In the fifth blog of our series "Business Capabilities: How to win the digital age with a common language for Business & IT", we will review three case studies on how to go from a business capability model to value.
IT investment alignment to strategy
Logistics companies are facing an environment of intense competition with differentiation mainly via price. This leads to a strong bottom-line focus and IT costs are always a welcome target for potential savings. Slash and burn policies have put logistic companies’ IT in a position where innovation becomes hardly possible. Business capability-driven analyses can support a smarter way of deciding on IT investments.
A logistics company has decided to align its IT investments with the strategic priorities. In a project the business capabilities were defined and assessed based on their financial impact and value they provide for customers. The IT board decided that cost savings for the next year will only be foreseen for business capabilities that are classified as “Business Necessity”. As preparation the team creates a heat map that is filtered by the affected capabilities and depicts with a color code the cost of associated applications. In the resulting report the Audit/ Assurance/Legal capability sticks out as it seems to absorb a lot of IT investment. As a next step the project team further investigates the affected applications and underlying infrastructure. They come up with a list of potential activities, such as reconciling SLAs, switching to SaaS solutions and more. The business capability analysis helps them to focus their activities.
Technology risk analysis
A large insurance company has operations in more than 25 countries. The organization’s technology is located throughout the world supporting global lines of business. IT includes inhouse development teams, support back offices as well as various outsourcing partners. In the past various attempts to come to a feasible risk assessment have failed. Past incidents and related outages have caused severe financial damage. Regulations put additional urgency on the topic. Besides these demands, the IT should also increase its flexibility. At this point an integrated approach is needed. The CIO decides to establish a capability-based risk assessment.
A risk cartography is developed that shows relations from IT components (technology layer) via applications (information layer) to business capabilities (business layer). These pictures help to illustrate complex dependencies and ensure that the problem is tackled from a holistic perspective. Looking at the risk cartography, risks can be identified from the infrastructure level and can be traced up to severity of implications for the business. Combined with further information about technology life-cycles and technical fit an assessment is conducted on which risks to accept and which to mitigate. Based on that information the team suggests an investment in outdated technologies.
A multinational player in the automotive supply industry has recently acquired a hidden champion constructing manufacturing robots. The integration of IT systems had been postponed during the hectic acquisition phase. In the current situation many processes and IT systems are redundant. As the merger needs to leverage synergies, a program is set up to consolidate applications.

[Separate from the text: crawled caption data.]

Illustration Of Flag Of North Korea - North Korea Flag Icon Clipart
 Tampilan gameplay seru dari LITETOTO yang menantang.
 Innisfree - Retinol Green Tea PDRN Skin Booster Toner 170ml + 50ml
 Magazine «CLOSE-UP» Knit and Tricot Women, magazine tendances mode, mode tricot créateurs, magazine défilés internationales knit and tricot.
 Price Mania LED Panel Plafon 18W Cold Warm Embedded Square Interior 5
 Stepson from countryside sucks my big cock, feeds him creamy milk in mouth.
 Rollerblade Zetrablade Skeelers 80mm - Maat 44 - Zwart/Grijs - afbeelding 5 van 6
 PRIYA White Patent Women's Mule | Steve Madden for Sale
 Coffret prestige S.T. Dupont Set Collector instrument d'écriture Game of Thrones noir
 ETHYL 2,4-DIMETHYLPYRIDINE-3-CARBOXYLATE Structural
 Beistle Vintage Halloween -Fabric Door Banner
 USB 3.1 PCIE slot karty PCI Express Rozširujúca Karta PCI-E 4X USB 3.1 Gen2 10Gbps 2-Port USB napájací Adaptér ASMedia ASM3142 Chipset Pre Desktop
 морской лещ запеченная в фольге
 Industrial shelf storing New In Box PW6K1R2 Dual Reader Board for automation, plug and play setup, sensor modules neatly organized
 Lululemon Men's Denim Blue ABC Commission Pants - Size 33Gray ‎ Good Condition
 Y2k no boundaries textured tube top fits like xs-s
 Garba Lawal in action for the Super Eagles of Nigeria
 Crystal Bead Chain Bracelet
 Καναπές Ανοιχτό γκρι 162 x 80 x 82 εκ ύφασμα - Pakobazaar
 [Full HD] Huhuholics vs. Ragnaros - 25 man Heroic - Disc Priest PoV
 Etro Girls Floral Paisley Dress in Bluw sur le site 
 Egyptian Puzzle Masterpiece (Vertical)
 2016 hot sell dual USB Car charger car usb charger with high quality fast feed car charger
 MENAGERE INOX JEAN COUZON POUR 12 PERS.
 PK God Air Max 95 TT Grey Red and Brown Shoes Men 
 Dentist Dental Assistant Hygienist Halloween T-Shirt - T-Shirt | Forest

The project team starts by mapping the capabilities of the acquired company to their existing model. While doing this analysis it is becoming apparent that some new capabilities need to be added, however, especially for support functions, the capabilities are to a great extent very similar. In particular, the HR capability promises a lot of potential for consolidation.
The team maps countries, HR capabilities and supporting applications in one matrix view. Together with the information on how well these applications support the business, they come up with a first shortlist of which applications of the formerly two companies to keep and which to phase out.